Menanggapi pertemuan antara Presiden Amerika Serikat Donald Trump dengan Perdana Menteri India Narendra Modi, Amnesty International India dan Amnesty International Amerika menyatakan sikap bersama:

“Sentimen anti-Muslim telah meresap dalam kebijakan kedua negara. Selama puluhan tahun, hubungan Amerika-India dilandasi semangat saling berbagi tentang nilai-nilai hak asasi manusia. Namun, nilai-nilai tersebut kini berubah menjadi nilai diskriminasi, kefanatikan dan permusuhan terhadap para pengungsi dan pencari suaka,” kata Direktur Eksekutif Amnesty International Amerika, Margaret Huang.

“Pemblokiran internet yang terjadi di Kashmir yang telah berlangsung selama berbulan-bulan, diberlakukannya Amandemen UU Kewarganegaraan dan tindakan pembubaran terhadap aksi-aksi protes menunjukkan kepemimpinan yang kurang empati dan tidak adanya kemauan untuk melibatkan masyarakat. Kami mendorong Presiden Trump dan Perdana Menteri Modi untuk bekerja sama dengan komunitas international dan menaruh perhatian terhadap masalah ini dalam pertemuan bilateral mereka,” kata Direktur Eksekutif Amnesty International India, Avinash Kumar.

Latar belakang

Amandemen UU Kewarganegaraan (CAA) 2019 memperluas kategori kewarganegaraan India hanya untuk Hindu, Sikh, Parsis, Kristen, Budha, dan Jain dari Afghanistan, Bangladesh dan Pakistan, serta India. Aturan tersebut melegitimasi tindakan diskriminasi berdasarkan agama yang dianut. Selain dapat memecah belah, amandemen tersebut juga merugikan kelompok minoritas, terutama Muslim. Dalam Daftar Warga Nasional dan Daftar Populasi Nasional, status kewarganegaraan kelompok minoritas itu menjadi tidak pasti dan bisa berujung pada penahanan dan tidak berkewarganegaraan (stateless). Komisi Kebebasan Beragama Amerika Serikat (The U.S. Commission on International Religious Freedom) dan beberapa senator juga telah mengambil perhatian serius terkait amandemen ini.

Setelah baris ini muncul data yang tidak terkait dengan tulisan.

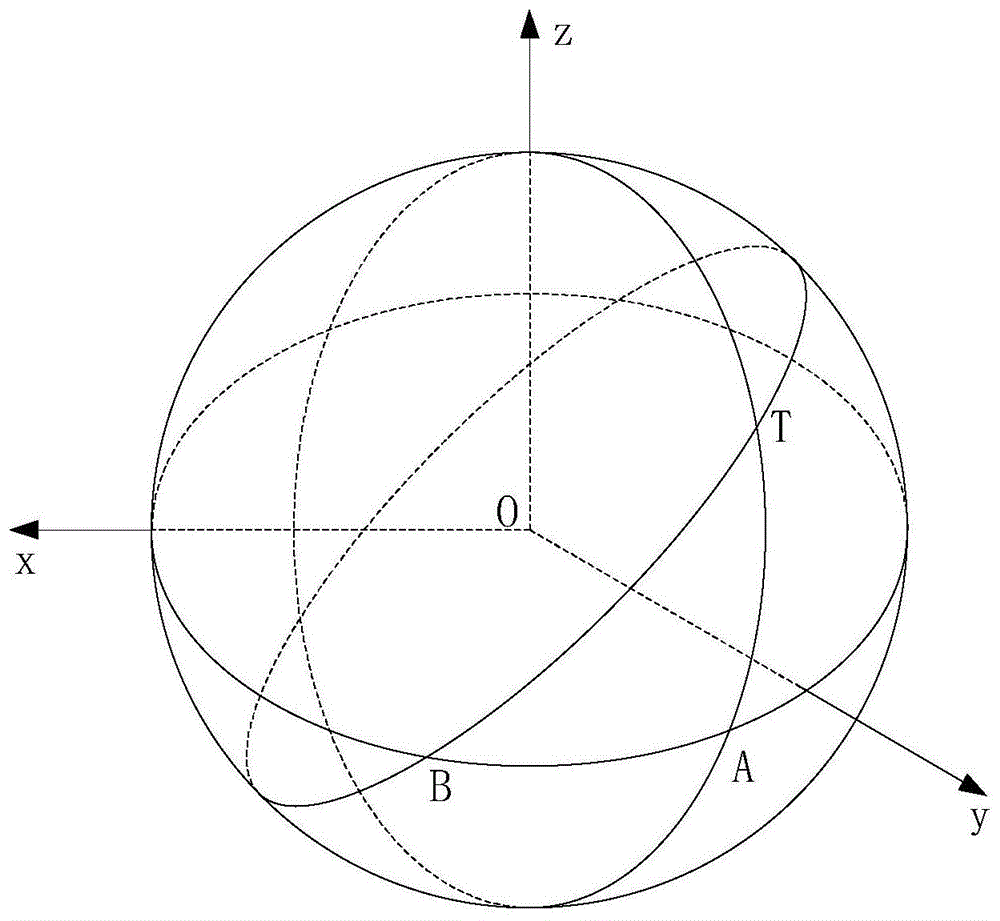 一种球面两站测向交叉定位计算方法与流程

Ribuan orang, termasuk mahasiswa, telah melakukan aksi-aksi protes turun ke jalan untuk menolak amandemen UU Kewarganegaraan. Namun pihak kepolisian merespon aksi tersebut dengan tindakan keras sampai menyebabkan 30 orang meninggal dunia, termasuk anak usia 8 tahun. Ribuan orang yang terlibat aksi protes ditangkap dan dijerat aturan hukum represif.

Dengan penutupan internet yang merajalela dan tidak terkendali, India menjadi negara dengan tingkat pembungkaman tertinggi. Perintah-perintah seperti “identifikasi mereka dari pakaian yang dikenakan” atau “tembak para pengkhianat” yang diucapkan oleh Perdana Menteri Modi dan para pendukung partainya telah memicu narasi ketakutan dan perpecahan yang akan menyebabkan tindakan kekerasan.

Lebih dari 6 bulan setelah penghapusan Pasal 370 Konstitusi India yang menjamin otonomi bagi Jammu dan Kashmir, layanan internet hanya tersedia di beberapa bagian negara dan pemimpin-pemimpin politik ditahan dan dijerat dengan UU Keamanan Publik yang represif.

Perluasan pelarangan terhadap Muslim oleh Presiden Trump, yang akan memengaruhi Nigeria, Eritrea, Myanmar, Kirgistan, Sudan, dan Tanzania, berlaku sejak 21 Februari. Para peneliti Amnesty International Amerika melakukan perjalanan ke Lebanon dan Yordania untuk melakukan hampir 50 wawancara dengan para pengungsi yang, akibat dari aturan pelarangan sebelumnya, telah terdampar di negara-negara di mana mereka menghadapi kesulitan, seperti kebijakan yang membatasi, lingkungan yang tidak bersahabat, dan tidak memiliki hak yang sama dengan penduduk tetap negara tersebut.

Amnesty International Amerika menentang larangan Muslim tersebut sejak awal dan mendorong Kongres untuk membatalkan aturan tersebut melalui pengesahan undang-undang NO BAN (H.R. 2214 / S. 1123), yang memiliki dukungan kuat di kedua kubu Kongres.